Directions for this task: Transcribe the listing below only from the line with "Vector shining golden stars isolated" up to and including the line with "OEM Lit pour".

<<<<

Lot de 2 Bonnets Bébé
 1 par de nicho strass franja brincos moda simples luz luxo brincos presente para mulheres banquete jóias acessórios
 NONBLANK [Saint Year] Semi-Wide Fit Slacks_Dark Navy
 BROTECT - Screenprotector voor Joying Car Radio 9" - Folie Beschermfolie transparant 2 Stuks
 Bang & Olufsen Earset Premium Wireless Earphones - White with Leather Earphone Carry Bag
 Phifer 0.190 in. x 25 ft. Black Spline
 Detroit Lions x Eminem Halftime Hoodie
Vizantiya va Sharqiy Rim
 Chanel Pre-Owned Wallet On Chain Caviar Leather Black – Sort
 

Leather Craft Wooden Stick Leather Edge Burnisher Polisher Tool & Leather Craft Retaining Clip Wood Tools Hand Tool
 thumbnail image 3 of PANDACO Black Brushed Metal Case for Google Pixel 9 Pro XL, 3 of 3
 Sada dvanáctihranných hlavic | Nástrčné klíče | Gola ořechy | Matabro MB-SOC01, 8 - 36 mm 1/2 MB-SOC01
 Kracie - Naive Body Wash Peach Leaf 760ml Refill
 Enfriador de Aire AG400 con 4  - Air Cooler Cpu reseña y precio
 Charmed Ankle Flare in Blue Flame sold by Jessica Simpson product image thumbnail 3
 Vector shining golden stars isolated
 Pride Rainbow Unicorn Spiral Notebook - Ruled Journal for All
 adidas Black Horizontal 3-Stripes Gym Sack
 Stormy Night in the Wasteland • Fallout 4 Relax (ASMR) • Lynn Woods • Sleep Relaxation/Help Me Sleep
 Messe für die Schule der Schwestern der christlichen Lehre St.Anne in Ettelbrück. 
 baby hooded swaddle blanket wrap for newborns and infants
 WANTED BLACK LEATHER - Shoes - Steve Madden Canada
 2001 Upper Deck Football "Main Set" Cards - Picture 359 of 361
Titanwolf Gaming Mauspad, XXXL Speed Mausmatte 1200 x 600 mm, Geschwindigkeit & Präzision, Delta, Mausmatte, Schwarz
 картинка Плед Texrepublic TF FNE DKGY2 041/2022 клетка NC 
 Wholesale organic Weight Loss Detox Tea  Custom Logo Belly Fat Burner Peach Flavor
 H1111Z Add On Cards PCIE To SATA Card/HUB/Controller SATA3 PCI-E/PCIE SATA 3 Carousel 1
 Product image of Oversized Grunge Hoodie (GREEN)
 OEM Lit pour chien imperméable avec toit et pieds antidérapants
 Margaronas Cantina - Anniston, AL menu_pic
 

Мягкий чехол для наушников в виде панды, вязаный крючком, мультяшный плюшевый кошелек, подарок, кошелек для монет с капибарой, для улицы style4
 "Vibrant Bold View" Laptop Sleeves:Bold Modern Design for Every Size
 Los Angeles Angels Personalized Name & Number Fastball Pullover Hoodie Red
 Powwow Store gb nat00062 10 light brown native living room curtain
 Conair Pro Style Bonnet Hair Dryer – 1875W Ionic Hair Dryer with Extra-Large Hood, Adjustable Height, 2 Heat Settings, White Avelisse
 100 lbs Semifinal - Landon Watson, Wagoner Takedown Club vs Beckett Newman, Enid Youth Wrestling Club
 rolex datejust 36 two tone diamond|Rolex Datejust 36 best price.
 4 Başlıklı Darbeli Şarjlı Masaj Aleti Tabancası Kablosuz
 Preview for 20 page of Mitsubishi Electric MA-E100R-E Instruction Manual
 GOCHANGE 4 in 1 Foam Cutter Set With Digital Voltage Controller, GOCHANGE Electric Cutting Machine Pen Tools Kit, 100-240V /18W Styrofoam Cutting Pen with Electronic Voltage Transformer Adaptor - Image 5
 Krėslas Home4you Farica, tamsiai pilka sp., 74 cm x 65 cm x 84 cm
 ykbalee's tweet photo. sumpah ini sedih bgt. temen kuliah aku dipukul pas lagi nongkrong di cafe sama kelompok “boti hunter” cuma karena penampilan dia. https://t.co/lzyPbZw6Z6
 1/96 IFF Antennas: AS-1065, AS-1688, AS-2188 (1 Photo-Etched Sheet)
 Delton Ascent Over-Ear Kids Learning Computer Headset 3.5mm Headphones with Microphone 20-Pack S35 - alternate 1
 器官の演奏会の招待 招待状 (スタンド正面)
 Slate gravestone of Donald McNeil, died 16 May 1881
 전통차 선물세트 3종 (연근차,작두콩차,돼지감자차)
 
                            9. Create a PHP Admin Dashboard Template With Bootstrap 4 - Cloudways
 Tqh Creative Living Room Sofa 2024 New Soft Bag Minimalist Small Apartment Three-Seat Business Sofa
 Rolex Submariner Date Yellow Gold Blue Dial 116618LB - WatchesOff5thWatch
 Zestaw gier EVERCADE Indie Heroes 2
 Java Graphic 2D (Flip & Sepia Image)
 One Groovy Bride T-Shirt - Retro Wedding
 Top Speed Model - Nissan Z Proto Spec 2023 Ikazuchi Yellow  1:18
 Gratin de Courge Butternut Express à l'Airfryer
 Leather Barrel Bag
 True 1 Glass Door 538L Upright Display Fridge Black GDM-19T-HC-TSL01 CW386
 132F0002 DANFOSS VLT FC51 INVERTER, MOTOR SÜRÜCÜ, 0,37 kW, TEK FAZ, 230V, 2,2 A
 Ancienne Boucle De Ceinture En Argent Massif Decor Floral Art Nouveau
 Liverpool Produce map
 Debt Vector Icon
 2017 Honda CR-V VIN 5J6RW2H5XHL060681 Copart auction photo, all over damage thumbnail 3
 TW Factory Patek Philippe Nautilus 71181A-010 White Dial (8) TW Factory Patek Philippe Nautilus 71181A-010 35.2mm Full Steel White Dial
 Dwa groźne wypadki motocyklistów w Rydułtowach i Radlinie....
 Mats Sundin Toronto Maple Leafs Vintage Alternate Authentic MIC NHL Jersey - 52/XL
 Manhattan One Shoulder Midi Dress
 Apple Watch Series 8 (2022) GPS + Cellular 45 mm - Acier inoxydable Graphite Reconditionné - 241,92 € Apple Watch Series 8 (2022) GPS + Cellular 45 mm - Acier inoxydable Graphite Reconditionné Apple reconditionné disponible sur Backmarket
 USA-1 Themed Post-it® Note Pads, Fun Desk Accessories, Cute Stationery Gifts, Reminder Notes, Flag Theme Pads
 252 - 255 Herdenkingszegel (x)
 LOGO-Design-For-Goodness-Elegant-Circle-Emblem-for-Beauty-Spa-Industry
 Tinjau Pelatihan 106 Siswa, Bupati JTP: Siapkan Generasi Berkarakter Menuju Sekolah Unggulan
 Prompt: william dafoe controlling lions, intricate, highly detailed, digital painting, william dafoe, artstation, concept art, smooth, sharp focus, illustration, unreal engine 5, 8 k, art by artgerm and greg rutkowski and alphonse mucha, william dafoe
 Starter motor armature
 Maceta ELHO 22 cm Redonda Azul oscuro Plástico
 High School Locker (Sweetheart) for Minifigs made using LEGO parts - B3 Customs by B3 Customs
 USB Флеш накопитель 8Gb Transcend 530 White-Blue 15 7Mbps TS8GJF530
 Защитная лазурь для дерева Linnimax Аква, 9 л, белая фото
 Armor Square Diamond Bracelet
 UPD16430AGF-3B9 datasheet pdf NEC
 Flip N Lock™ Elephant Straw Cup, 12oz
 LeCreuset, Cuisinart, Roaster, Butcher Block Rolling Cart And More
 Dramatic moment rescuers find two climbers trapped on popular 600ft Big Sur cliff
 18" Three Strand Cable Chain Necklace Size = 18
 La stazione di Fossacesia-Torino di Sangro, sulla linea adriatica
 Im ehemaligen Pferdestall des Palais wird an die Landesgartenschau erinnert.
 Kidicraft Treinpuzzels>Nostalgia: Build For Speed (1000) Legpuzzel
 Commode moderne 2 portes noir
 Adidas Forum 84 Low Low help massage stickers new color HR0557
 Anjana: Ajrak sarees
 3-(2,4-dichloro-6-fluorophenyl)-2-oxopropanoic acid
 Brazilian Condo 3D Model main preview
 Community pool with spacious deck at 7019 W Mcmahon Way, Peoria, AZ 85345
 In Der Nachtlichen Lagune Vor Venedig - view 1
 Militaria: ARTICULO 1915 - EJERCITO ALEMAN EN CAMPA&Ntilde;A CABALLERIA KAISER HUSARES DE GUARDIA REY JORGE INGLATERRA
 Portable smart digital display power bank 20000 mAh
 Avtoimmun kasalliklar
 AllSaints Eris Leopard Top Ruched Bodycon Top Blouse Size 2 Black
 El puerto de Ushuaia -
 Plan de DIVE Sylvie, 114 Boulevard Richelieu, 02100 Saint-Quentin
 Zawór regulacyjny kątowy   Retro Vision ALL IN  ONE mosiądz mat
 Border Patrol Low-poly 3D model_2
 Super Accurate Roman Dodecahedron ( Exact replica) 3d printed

>>>>

Solved exercise:
 Vector shining golden stars isolated
 Pride Rainbow Unicorn Spiral Notebook - Ruled Journal for All
 adidas Black Horizontal 3-Stripes Gym Sack
 Stormy Night in the Wasteland • Fallout 4 Relax (ASMR) • Lynn Woods • Sleep Relaxation/Help Me Sleep
 Messe für die Schule der Schwestern der christlichen Lehre St.Anne in Ettelbrück. 
 baby hooded swaddle blanket wrap for newborns and infants
 WANTED BLACK LEATHER - Shoes - Steve Madden Canada
 2001 Upper Deck Football "Main Set" Cards - Picture 359 of 361
Titanwolf Gaming Mauspad, XXXL Speed Mausmatte 1200 x 600 mm, Geschwindigkeit & Präzision, Delta, Mausmatte, Schwarz
 картинка Плед Texrepublic TF FNE DKGY2 041/2022 клетка NC 
 Wholesale organic Weight Loss Detox Tea  Custom Logo Belly Fat Burner Peach Flavor
 H1111Z Add On Cards PCIE To SATA Card/HUB/Controller SATA3 PCI-E/PCIE SATA 3 Carousel 1
 Product image of Oversized Grunge Hoodie (GREEN)
 OEM Lit pour chien imperméable avec toit et pieds antidérapants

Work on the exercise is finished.